Accuracy and repeatability, on a given day, of centralized preparation of Covid-19 vaccines in a vaccination centre.
28 September 2021DUPART Anne-Laure1, MENNESSON-LANDEMARE Chloé1, RUST Cécile1, FRANCOIS David2, LOPEZ Marlène3, BERANGER Cyrille3, MULLOT Jean-Ulrich2
1 Ecoles Militaires de Santé de Lyon Bron, 331 Avenue Général de Gaulle – 69500 BRON - FRANCE
2 LASEM de Toulon – Base Navale de TOULON - FRANCE
3 HIA Sainte Anne, 2 Boulevard Sainte Anne - 83800 TOULON - FRANCE
Since April 2021, the French Medical Health Service has taken part in the vaccination of the French population against the Covid-19 by setting up vaccination centres. The Military Hospital of TOULON actively participates in this mission, realizing up to 1 000 shots a day. Syringes are prepared by the military pharmacy technicians, under the control of the military pharmacists. For the Comirnaty®, vaccine, the injected dose to each patient is 0.3 mL, with syringes provided by different suppliers. Our work aimed to check the vaccine volume injected to each patient, and to identify potential technician and/or syringe type effects.
Vaccines are reconstituted by diluting the commercial solution with 1.8 mL of NaCl 0.9%, producing up to seven 0.3 mL syringes. Two brands of 1 mL syringes with pre-assembled needle (low dead volume) were tested. Our study relies on determining the volume for each prepared syringe, by a gravimetric method after the subtraction of the empty syringe weight, the measure of the diluted vaccine density and the estimated dead volume for each syringe type (colorimetric method).On Wednesday, 26th of May 2021, eight series of seven syringes for each type were weighted with a 1/10th mg precision balance, before and after preparation by two technicians, for a total of 56 syringes for each brand and technician leading to 224 individually controlled syringes over the day.
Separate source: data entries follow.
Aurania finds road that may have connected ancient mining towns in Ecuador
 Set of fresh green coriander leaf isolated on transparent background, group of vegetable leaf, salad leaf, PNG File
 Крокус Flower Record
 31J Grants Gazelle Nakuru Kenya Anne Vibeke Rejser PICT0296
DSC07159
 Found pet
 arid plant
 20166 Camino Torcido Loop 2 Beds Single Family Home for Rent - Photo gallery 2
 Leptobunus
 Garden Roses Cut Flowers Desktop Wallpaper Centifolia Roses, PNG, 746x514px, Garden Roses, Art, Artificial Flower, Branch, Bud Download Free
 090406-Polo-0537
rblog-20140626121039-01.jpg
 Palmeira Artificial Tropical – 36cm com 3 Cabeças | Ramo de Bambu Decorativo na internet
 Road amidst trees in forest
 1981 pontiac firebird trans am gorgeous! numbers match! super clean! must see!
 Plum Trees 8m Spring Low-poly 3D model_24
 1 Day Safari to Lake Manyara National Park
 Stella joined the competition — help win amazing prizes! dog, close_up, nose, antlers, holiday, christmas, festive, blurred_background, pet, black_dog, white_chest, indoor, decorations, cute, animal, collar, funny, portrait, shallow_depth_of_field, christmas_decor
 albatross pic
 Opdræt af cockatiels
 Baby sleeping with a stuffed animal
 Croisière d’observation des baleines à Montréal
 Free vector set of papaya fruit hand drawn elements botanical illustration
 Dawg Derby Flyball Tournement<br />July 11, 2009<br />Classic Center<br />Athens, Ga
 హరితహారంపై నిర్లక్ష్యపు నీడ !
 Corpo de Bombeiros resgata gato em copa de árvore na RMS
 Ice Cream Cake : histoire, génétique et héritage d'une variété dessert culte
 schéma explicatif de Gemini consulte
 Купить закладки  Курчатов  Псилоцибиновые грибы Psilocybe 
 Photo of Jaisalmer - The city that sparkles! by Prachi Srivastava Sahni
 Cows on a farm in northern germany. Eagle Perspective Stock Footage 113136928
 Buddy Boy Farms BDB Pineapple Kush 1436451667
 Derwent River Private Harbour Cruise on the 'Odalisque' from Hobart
A syringe effect was observed between the two different brands, as well as a technician effect, but very limited. The injected volumes, regardless of the syringe type and of the pharmacist technician, complied with the expected standard for syringes commercialization.
To conclude with, our results suggested a better accuracy of volumes delivery than required by the CE mark of syringes (standard NF EN ISO 7886-1:2017), as well as an excellent repeatability. Furthermore, the tools we established for this study could be useful in other fields of technical Pharmacy.